Ce tiers de confiance sera habilité à être averti des soins administrés à la personne mineure par le professionnel de santé sans que cela contrevienne à la disposition de l’article L. 1111-5 du code de la santé publique, qui fait mention de cas de santé sexuelle et reproductive que l’adoption de cet amendement permettrait de couvrir.

M. le président. Quel est l’avis de la commission ?

M. Alain Milon, rapporteur. Dans le cadre des parcours de santé sexuelle et reproductive, le mineur pourra bien s’opposer à la saisie de toute information sur son espace numérique de santé.

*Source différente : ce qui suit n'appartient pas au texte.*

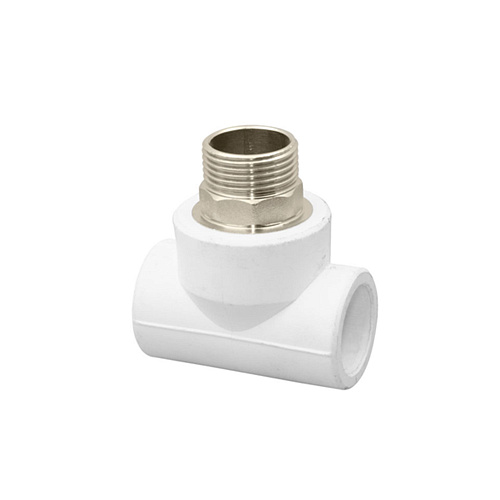 Тройник комбинированный под ключ PPR наружная резьба 50х1 1/2, белый, РТП
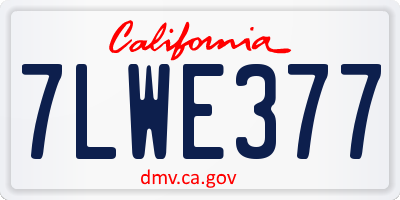 CA license plate 7LWE377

En cas de refus d’informer ses parents, il doit se faire accompagner d’une personne majeure de son choix ; il ne semble pas nécessaire de prévoir un accès à l’espace numérique de santé pour cette personne accompagnante.

Par ailleurs, aux termes du code de la santé publique, la responsabilité des titulaires de l’autorité parentale est engagée dans le cadre du consentement aux soins envisagés pour le mineur qui, lui-même, est consulté chaque fois que son degré de maturité le permet.

En outre, le code civil prévoit que le représentant légal a la responsabilité de la santé de la personne mineure jusqu’à ses 18 ans. Il doit donc avoir les moyens de l’exercer.

À défaut d’un retrait, l’avis de la commission serait donc défavorable sur cet amendement.

M. le président. Quel est l’avis du Gouvernement ?

Mme Agnès Buzyn, ministre. Nous avons beaucoup réfléchi sur les modalités d’ouverture de cet espace numérique de santé en ce qui concerne les personnes mineures. Nous avons finalement décidé de ne rien changer à l’existant : nous proposons que les majeurs titulaires de l’autorité parentale exercent la responsabilité de l’espace numérique de santé et que les dérogations qui permettent déjà aujourd’hui de ne pas les informer – par exemple, les jeunes filles de 16 ans ont le droit de demander à avorter sans que leurs parents en soient informés – vaudront aussi pour l’espace numérique de santé ; les informations seront protégées exactement de la même façon.

En fait, nous avons suivi le même raisonnement pour le DMP que pour les dossiers papier : ce sont les mêmes règles qui régiront les données de santé dans les deux cas.

Nous sommes défavorables à tout changement, car cela complexifierait énormément la situation.

M. le président. La parole est à M. Michel Amiel, pour explication de vote.

M. Michel Amiel. Il peut exister, dans ce domaine, des ambiguïtés, y compris entre code civil et code de la santé publique. Mais je vous fais confiance, madame la ministre : je retire cet amendement.